Life in Croydon was not the easiest for young Rob, who, haivng failed the 1-plus exam, was sent to a school 20 miles out of town. He left there as soon as he could, his teachers having written him off as a lost cause. At 15, Rob got a job as a Saturday boy at a barber shop. Who would have known that this would be a gateway to adventures in the fashion industry that would lead him to the other side of the world and into the glamorous world of Andy Warhol?
His first sight of French Vogue magazine changed his destiny. Fashion photography, especially the shoe advertisements shot by Guy Bourdin, awakened something in him. He would be just like Guy Bourdin. With this goal in mind, working in a salon by day, in the evening he offered hairdressing services free of charge to fashion photographers in London – burning the candle at both ends, but growing ever closer to realising his ambition.
Watching the photographers at work it occurred to Rob that he could just as easily be calling the shots. He acquired a camera and set forth with the same determination that had led him to the cutting edge of London’s fashion elite. It wasn’t so easy and involved a lot of hard work – he even lived in his car for a period of time – but he remained sure that this was the life for him. Eventually he was commissioned to photograph a cover for Custom Car magazine, which was incidentally the first cover where the model kept her clothes on.

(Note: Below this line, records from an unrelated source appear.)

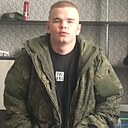 Дмитрий, 25 лет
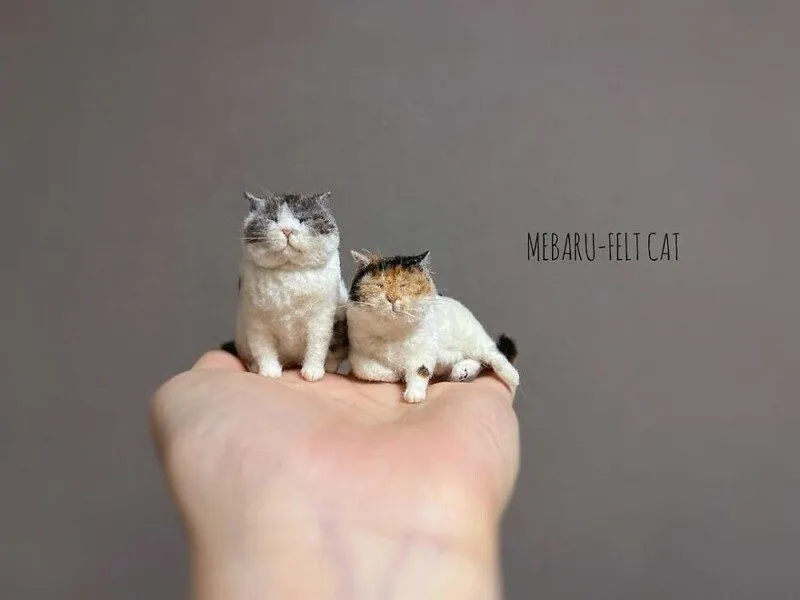 Арт галерея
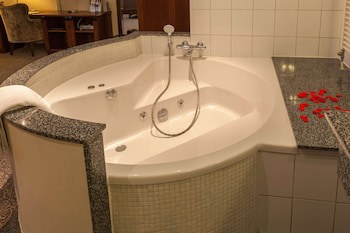Best Western Hotel Nobis Asten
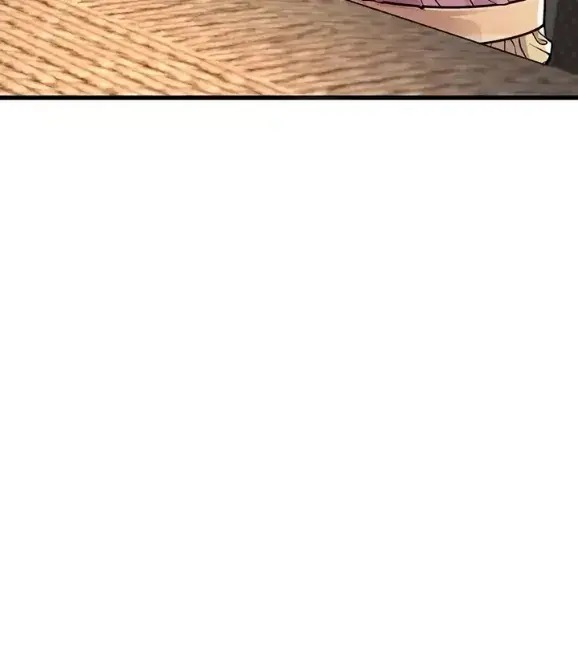 image-komik-young-auntie-chapter-14-82/198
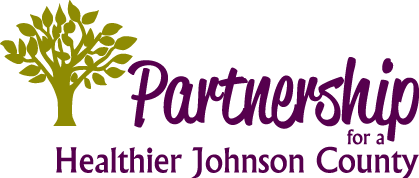 Partnership for a Healthier Johnson County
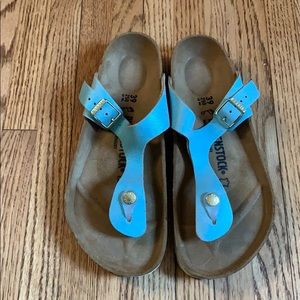 Birkenstock Gizeh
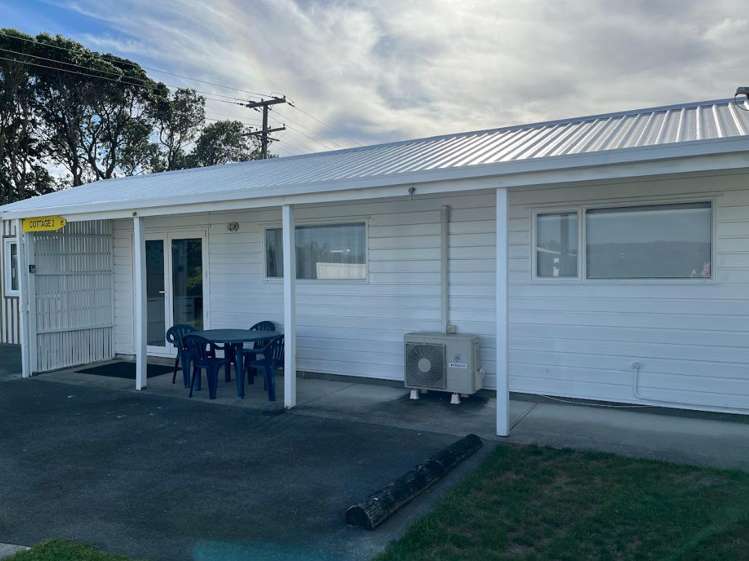 2/2 Ruakaka Beach Road Ruakaka_9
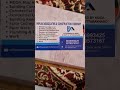 REFLAX ASSOCIATES CONSTRUCTION COMPANY M .M. A. COMMERCIAL RESIDENTAL RENOVATION 8630993425 CONSTRU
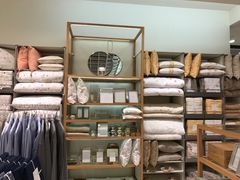 -ZARA(重庆华润万象城中区店)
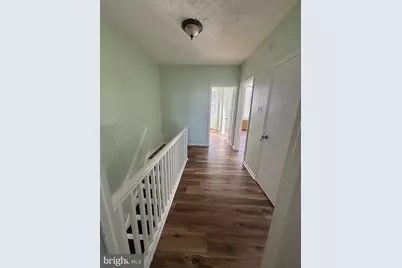 4332 Aldine Street, Philadelphia, PA 19136 - Photo 9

Another ambition of Rob’s was to be a contributor to Andy Warhol’s Interview magazine, so when friends moved to LA, he followed suit. Soon his shoe adverts were appearing in the magazine. Rock star Dee Snider of Twisted Sister was his first editorial commission, when he found himself in a run-down hotel in San Diego with the rather divaesque singer and a 15-minute window to create his portrait. It featured full-page in that year’s music issue. By this time, Rob was rubbing shoulders with the likes of Robert Mapplethorpe and other great photographers of the time – however, he admits he was never keen on doing the networking necessary to keep that kind of career afloat.
He returned to Bath, wanting to live in a city he could walk across in an afternoon. For a while he worked for Future Publishing, shooting covers for Needle Craft magazine, which wasn’t necessarily the best fit for someone who had just returned from a rock and roll existence in LA. Exposure to Warhol and the Basquiat art scene had left him hungry for other exciting movements in the art world. It was at this time that he first became aware of crop circles and soon identified them as an art form; he liked how they challenged binary thinking in a similar way to those of the artists of the LA scene.
Rob has always had an affinity with ancient monuments, Silbury Hill in particular. It wasn’t long before he became ‘part of the phenomenon’ himself, making circles near the mound, anonymously under cover of darkness and forever unclaimed by him. ‘What makes crop circles art’ he explains, ‘lies in the performance and reactions of their audience – they are art all the time people don’t see them as art.’ The science journal Nature described crop circle making as ‘a growing underground art movement combining mathematics, technology, stalks and whimsy’.
As part of a group called The Circlemakers, Rob has travelled around the world working for various clients including Nike, Greenpeace, Microsoft, and others, as well as artistic collaborations with Santiago Sierra (who told Rob that ‘What you are doing is currently the most exciting form of contemporary art – vive la alien revolution!’) and the American Nu Metal band Korn.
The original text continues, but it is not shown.